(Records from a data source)
════════

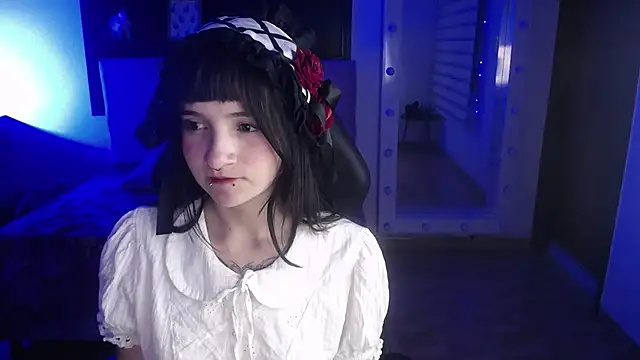 XXX chat uživo modela _Charlotte_Collins_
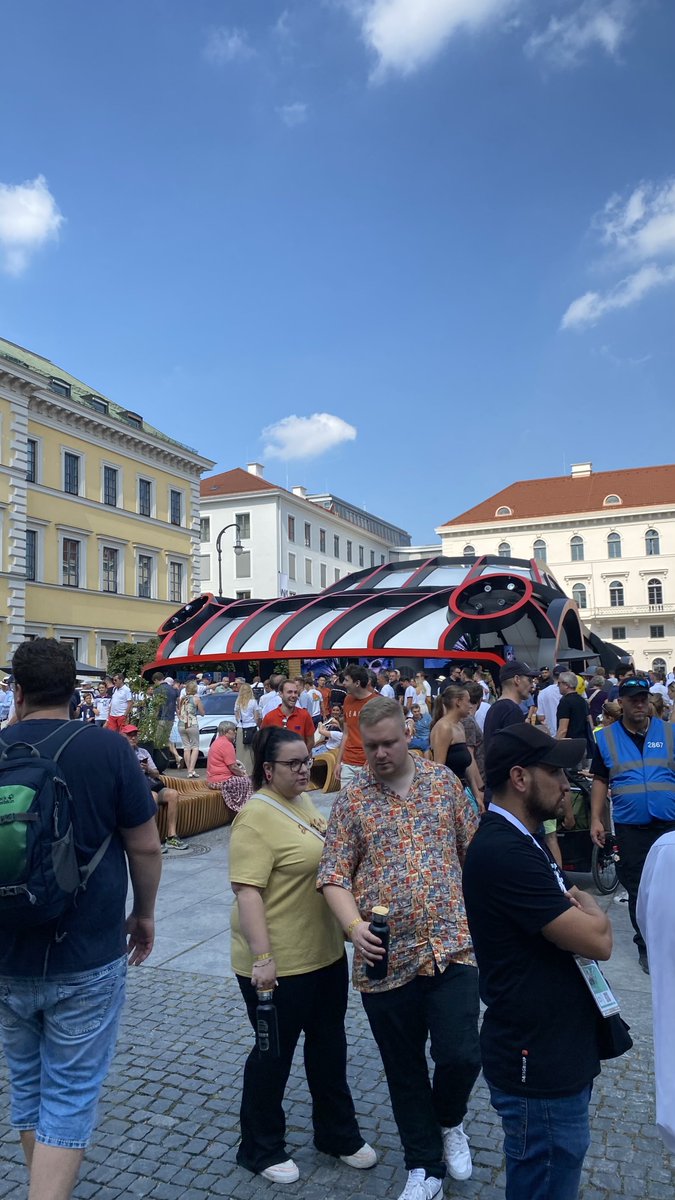 mervew's tweet photo. Evinde olup bu kadar yaratici olmayan bir standi nasil kurdun BMW? #IAAMesse #IAAMesse2023 #Munich #electriccars https://t.co/Hqr4r0nIp9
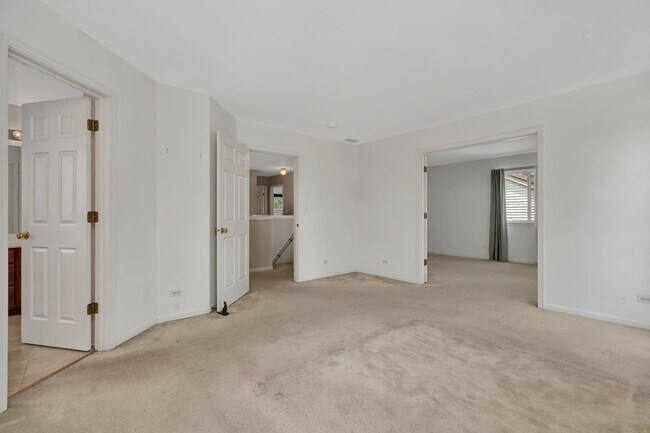 Building Photo - 2636 Whitehall Ln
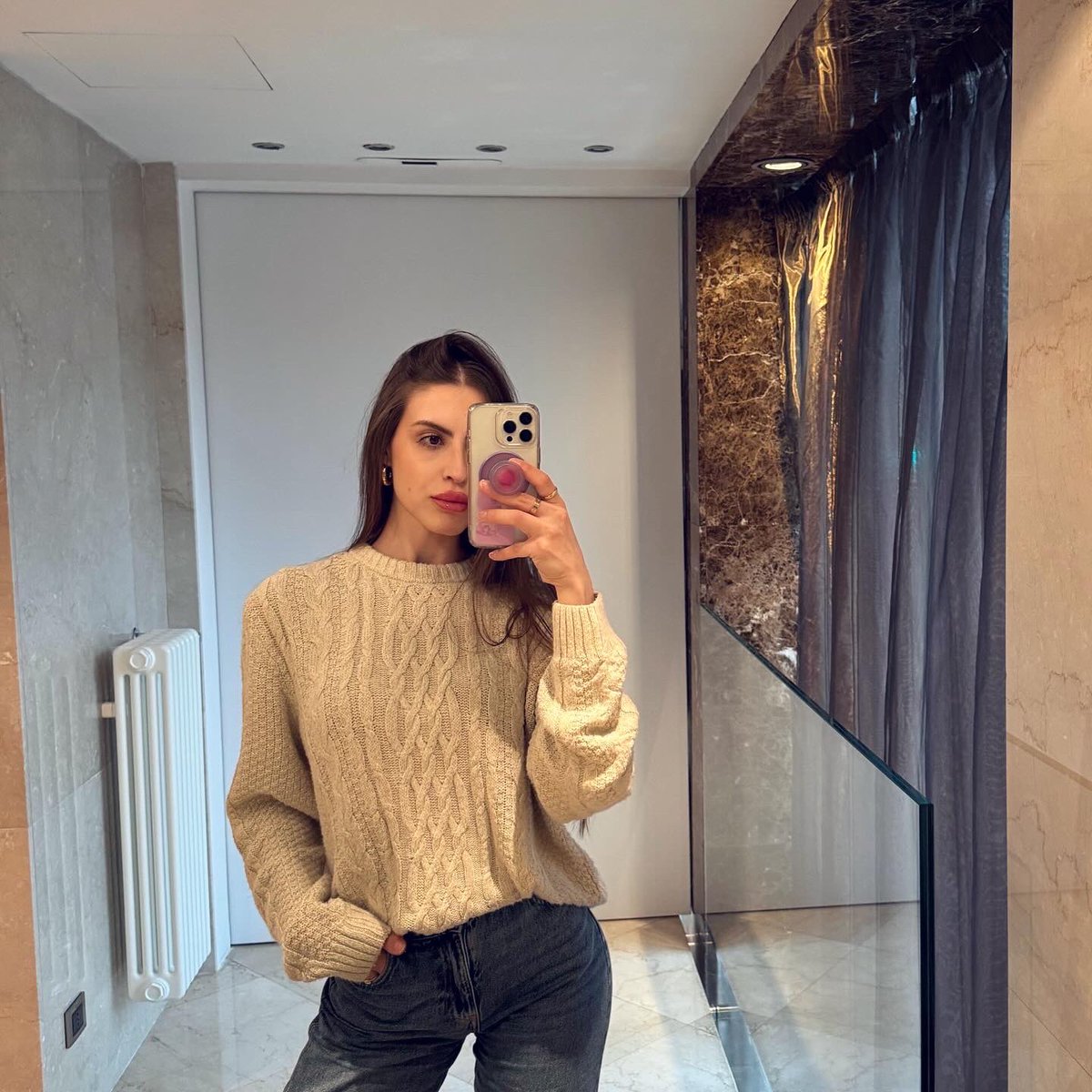 Gm ☺️☺️☺️
Hope you missed me!! I’m back in the game!!! 🥰 happy Friday!!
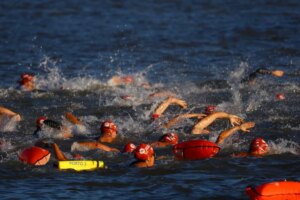 Prova de aquathlon inicia primeiro dia do Metrópoles Endurance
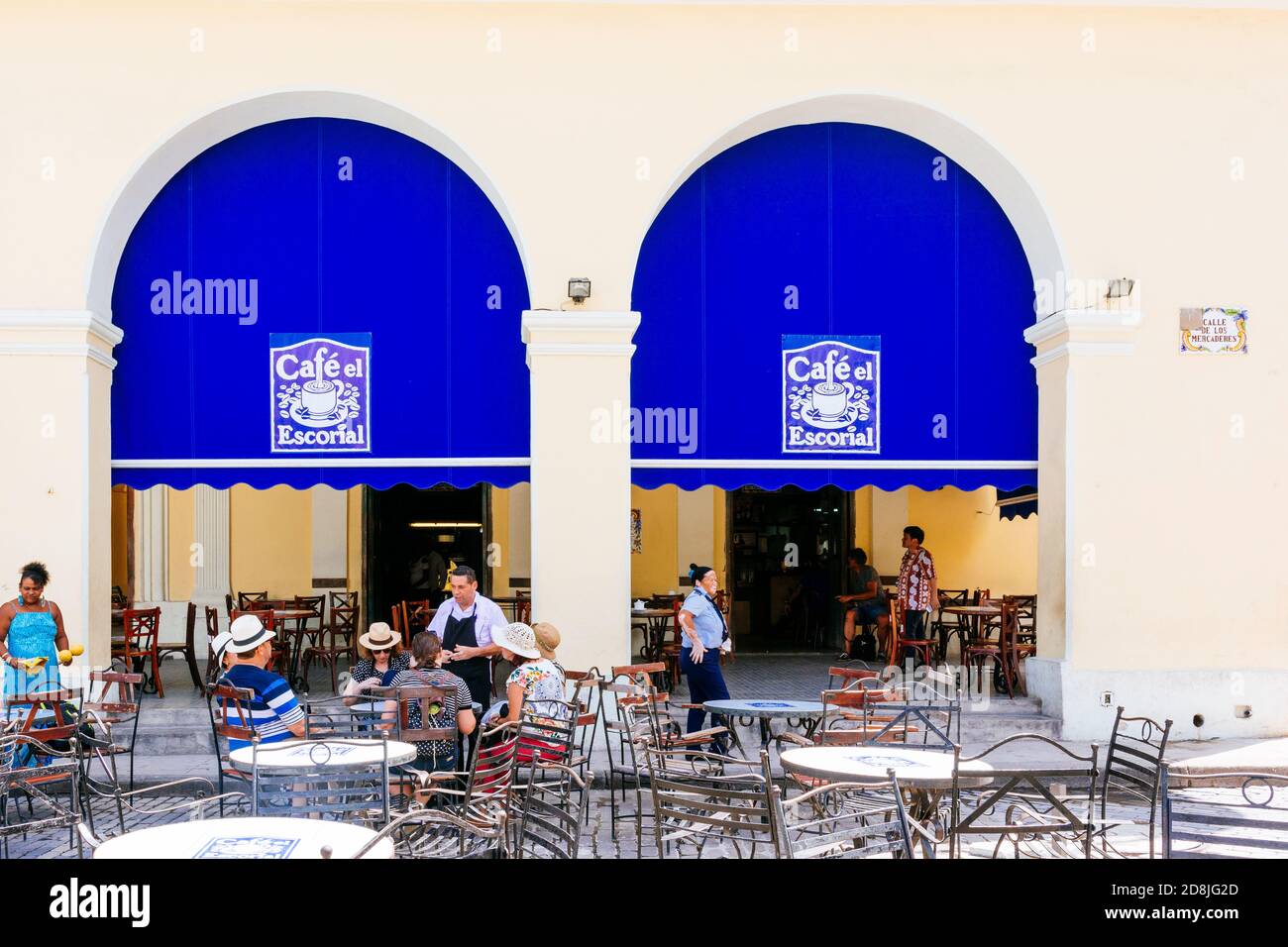 Terrazze bar. Plaza Vieja - Piazza Vecchia. Cuba, America Latina e Caraibi Foto Stock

════════

**Task to carry out**
Write every line above out again exactly; pictures do not belong in the copy.

**Answer space**
 XXX chat uživo modela _Charlotte_Collins_
 mervew's tweet photo. Evinde olup bu kadar yaratici olmayan bir standi nasil kurdun BMW? #IAAMesse #IAAMesse2023 #Munich #electriccars https://t.co/Hqr4r0nIp9
 Building Photo - 2636 Whitehall Ln
 Gm ☺️☺️☺️
Hope you missed me!! I’m back in the game!!! 🥰 happy Friday!!
 Prova de aquathlon inicia primeiro dia do Metrópoles Endurance
 Terrazze bar. Plaza Vieja - Piazza Vecchia. Cuba, America Latina e Caraibi Foto Stock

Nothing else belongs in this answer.